Maybe don't write an Xorg window manager right as the replacemeant for Xorg starts to take off though

This is exactly why I would rather do. I see absolutely no reason to abandon X and want to learn its internals to be able to maintain it myself. To me X seems a perfect piece of software which just works and does its job flawlessly, while having all the features I ever needed (including remote execution - I used Windows apps running on a remote Linux machine with Wine over SSH over OpenVPN on a local Windows machine and that was very easy).

1. Wayland does support remote execution; see waypipe for an example.

2. X11 does lack critical features that lots of users need: GUI isolation (a very basic security measure that's otherwise been standard practice for decades), mixed DPIs, and perf on low-end ARM devices (compare Sway with dwm/openbox/i3 on a rbpi or pinebook and the difference is kinda shocking).

X worked just fine on early 90s hardware.
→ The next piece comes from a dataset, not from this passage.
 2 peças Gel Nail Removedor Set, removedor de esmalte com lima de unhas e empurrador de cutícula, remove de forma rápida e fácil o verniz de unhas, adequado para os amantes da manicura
Performance today is about implementation, nothing inherent about X.

ARM chips did not exist in the early 90s, and compositors weren't the norm either. Current integrated graphics processors are optimized for a very different landscape. A typical X setup also includes a compositor to mitigate screen tearing.

Factor all this into account and I'd be interested in seeing an X setup without screen tearing that performs at least as well as Sway on a Pinebook or a rbpi.

What are, if any, use cases where one would need a compositor? Other than transparent window decorations, wobbling windows and overlay dock? These are kinda cool but not worth any additional complexity or hardware resources IMHO.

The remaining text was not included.